Susam Pal — Sun, 17 Jun 2012 00:00:00 +0000

A gambling game involves a fair die with six faces. Each face is marked with a distinct number of dots from one and six. You pay a fee to play every round of the game. The fee for the first round is ₹0.01. The fee increases by ₹0.01 after each round is played. Thus, the fee to play the second round is ₹0.02, the fee to play the third round is ₹0.03, and so on. Once you have paid the fee, it won't be returned to you.

In each round, after you pay the fee, the die is rolled and you win ₹1.00 times the number of dots that appear on the face facing up. You may quit the game at any moment. How long should you play this game if you want to maximize your profit? What is the profit you expect to make?

Common divisors of sum and difference

Susam Pal — Sun, 03 Jun 2012 00:00:00 +0000

There are two numbers that are coprime to each other. What are the possible common positive divisors of their sum and the difference between them?

100 pirates and 1000 gold coins

Susam Pal — Sun, 27 May 2012 00:00:00 +0000

There are 100 pirates on a ship. They have distinct dates of birth. They find 1000 gold coins. They want to distribute the coins among themselves. The oldest pirate is supposed to propose a distribution of the coins, and then all the pirates, including himself, vote on whether the distribution is acceptable. If at least half of the pirates on the ship vote for it, the coins are distributed according to the proposed distribution. Otherwise, the oldest pirate who proposed the distribution is killed and thrown overboard, and the oldest among the remaining pirates makes a new proposal. This continues until a proposal is accepted.

Each pirate decides his vote after considering three factors. For each pirate, survival is the most important necessity. After ensuring survival, each pirate maximizes the number of coins he gets. He prefers to throw the oldest pirate overboard if it doesn't affect his survival and the maximum number of coins he gets.

Which pirate gets the greatest number of gold coins? How many coins does he get?

Behind a man there is a woman

Susam Pal — Sun, 20 May 2012 00:00:00 +0000

Imagine a queue consisting of men and women only. The first person in the queue is a man, and the last person is a woman. An autistic child refuses to believe that somewhere in the queue there is a woman directly behind a man. Fortunately, some teachers have succeeded in teaching him the principle of mathematical induction. Now, can you show the child, using mathematical induction only, that somewhere in the queue, directly behind a man there is a woman?

Two sequences of natural numbers

Susam Pal — Sun, 06 May 2012 00:00:00 +0000

There are two sequences of natural numbers. The first sequence consists of all natural numbers that do not contain a particular digit, in ascending order.
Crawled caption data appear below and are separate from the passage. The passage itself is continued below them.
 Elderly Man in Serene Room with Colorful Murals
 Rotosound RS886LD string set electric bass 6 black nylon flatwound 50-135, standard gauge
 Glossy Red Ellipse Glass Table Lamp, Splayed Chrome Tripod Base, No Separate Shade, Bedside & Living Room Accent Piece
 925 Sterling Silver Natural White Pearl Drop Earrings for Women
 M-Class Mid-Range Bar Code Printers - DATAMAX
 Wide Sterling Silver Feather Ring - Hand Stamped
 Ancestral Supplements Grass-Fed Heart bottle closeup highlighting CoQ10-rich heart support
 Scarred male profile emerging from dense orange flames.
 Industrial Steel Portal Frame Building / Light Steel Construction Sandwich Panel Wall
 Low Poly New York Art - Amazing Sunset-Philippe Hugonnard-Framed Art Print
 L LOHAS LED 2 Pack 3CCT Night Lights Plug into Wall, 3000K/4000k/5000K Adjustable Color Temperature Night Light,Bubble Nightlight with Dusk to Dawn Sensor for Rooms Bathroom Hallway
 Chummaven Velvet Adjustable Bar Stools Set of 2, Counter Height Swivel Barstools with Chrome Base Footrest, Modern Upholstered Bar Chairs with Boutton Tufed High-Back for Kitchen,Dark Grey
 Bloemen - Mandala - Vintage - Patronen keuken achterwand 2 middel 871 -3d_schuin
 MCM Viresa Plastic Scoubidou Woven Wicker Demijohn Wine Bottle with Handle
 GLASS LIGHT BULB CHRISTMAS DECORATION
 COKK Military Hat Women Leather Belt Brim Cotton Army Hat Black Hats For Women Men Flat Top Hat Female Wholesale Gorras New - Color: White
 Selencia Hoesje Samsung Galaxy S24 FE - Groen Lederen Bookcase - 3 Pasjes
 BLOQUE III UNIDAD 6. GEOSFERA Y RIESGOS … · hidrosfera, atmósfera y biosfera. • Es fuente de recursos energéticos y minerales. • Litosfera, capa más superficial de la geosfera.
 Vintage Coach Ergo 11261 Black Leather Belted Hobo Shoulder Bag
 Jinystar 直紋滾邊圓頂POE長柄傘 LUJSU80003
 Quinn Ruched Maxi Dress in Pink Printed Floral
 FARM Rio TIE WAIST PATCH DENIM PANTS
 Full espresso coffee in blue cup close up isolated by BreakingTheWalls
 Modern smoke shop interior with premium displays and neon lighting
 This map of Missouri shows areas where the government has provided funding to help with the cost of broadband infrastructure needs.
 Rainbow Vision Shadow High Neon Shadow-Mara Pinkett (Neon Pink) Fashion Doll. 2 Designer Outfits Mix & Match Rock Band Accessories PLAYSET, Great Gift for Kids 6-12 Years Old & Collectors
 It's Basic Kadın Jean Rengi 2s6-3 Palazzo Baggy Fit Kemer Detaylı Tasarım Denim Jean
The second sequence consists of all the remaining natural numbers in ascending order. Every natural number occurs exactly once in exactly one of the sequences.

How many terms are there in the first sequence such that each of those terms is greater than the corresponding term at the same position in the second sequence?

Powers of ten

Susam Pal — Sun, 29 Apr 2012 00:00:00 +0000

How many positive integers n are there such that \(10^{10^{10^{n}}} + 10^{10^{n}} + 10^{n} - 1\) is prime?